What the task asks → Among the lines below, a stretch begins at the one with "Image 1 of 4x" and ends at the one with "PLA Filament 1.75mm, GIANTARM". Repeat that stretch exactly, ends included.

Exercise inputs →
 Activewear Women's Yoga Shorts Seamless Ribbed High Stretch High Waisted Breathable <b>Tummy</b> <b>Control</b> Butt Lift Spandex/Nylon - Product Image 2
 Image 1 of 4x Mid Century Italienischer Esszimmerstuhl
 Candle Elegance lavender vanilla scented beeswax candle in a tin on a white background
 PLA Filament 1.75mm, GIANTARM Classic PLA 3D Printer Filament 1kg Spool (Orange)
---
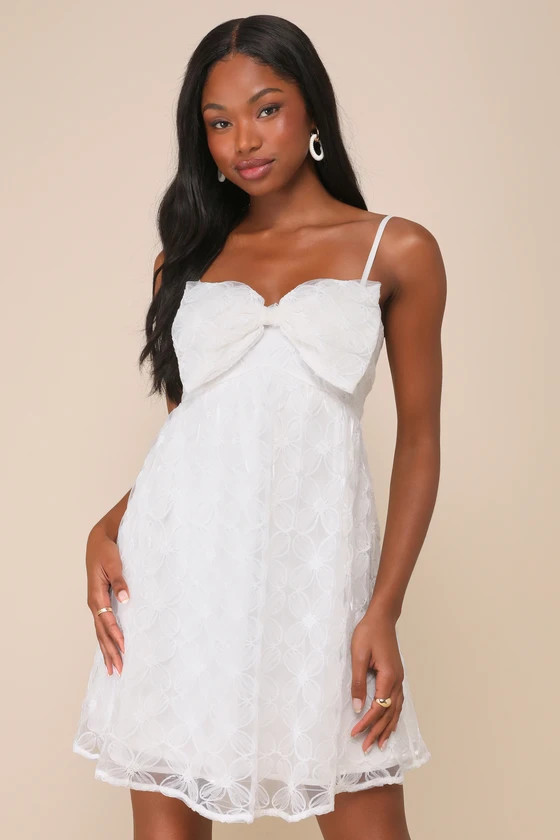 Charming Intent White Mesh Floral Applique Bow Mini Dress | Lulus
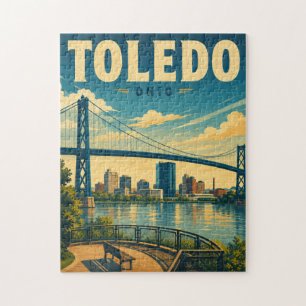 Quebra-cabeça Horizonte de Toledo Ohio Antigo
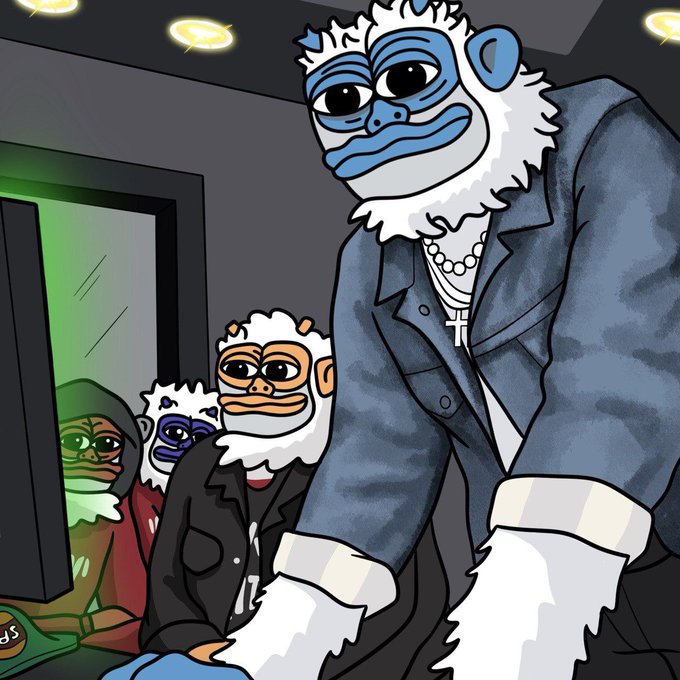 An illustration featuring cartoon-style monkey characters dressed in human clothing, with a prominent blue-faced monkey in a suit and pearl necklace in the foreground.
--
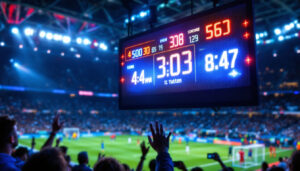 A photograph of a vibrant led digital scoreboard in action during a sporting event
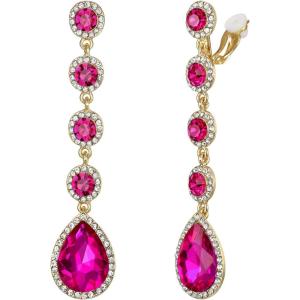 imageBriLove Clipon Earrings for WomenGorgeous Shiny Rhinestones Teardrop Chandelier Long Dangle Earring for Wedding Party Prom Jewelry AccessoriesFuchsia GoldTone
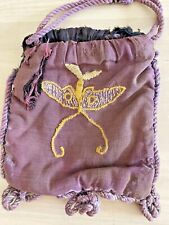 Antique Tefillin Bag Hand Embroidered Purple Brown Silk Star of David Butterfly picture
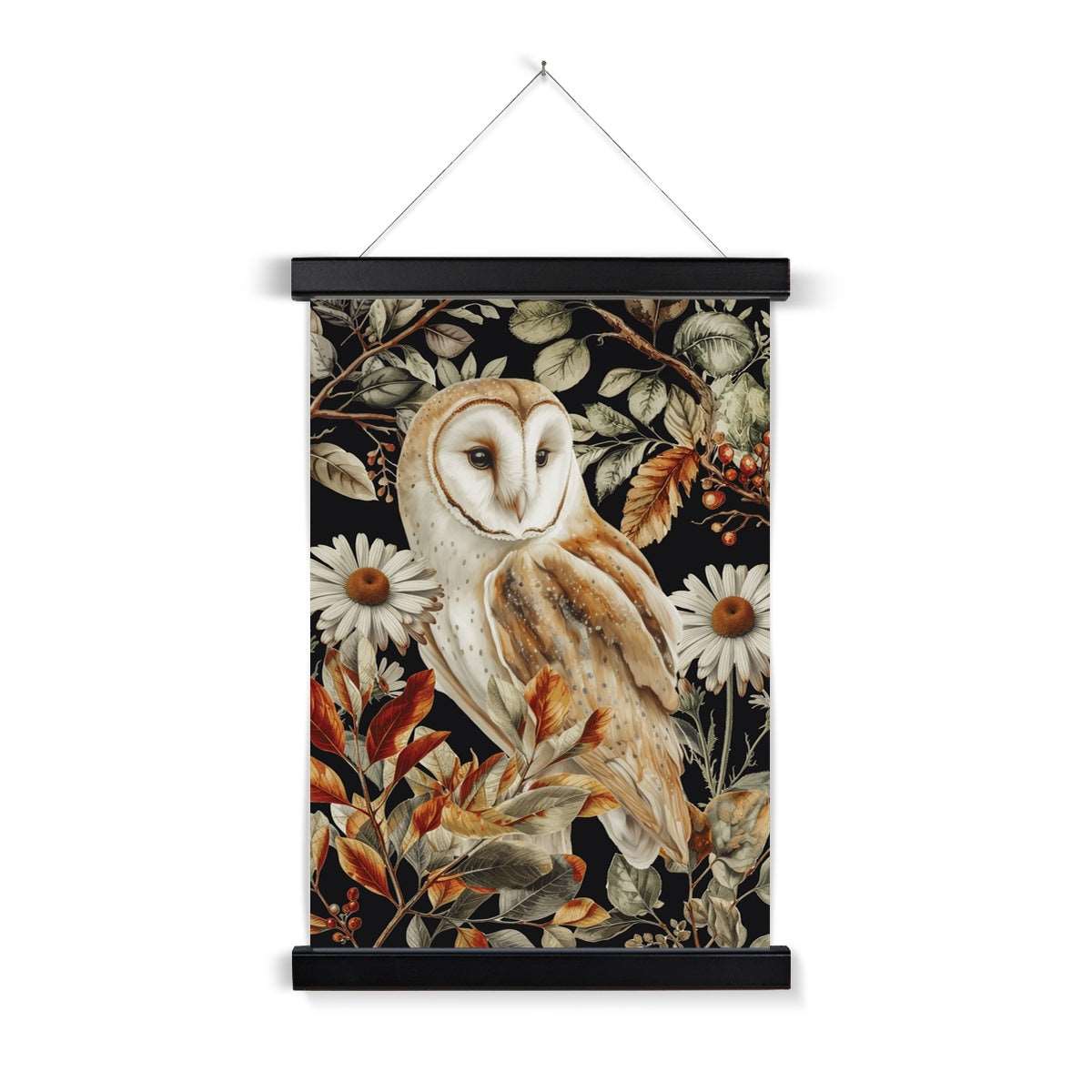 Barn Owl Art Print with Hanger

Response →
 Image 1 of 4x Mid Century Italienischer Esszimmerstuhl
 Candle Elegance lavender vanilla scented beeswax candle in a tin on a white background
 PLA Filament 1.75mm, GIANTARM Classic PLA 3D Printer Filament 1kg Spool (Orange)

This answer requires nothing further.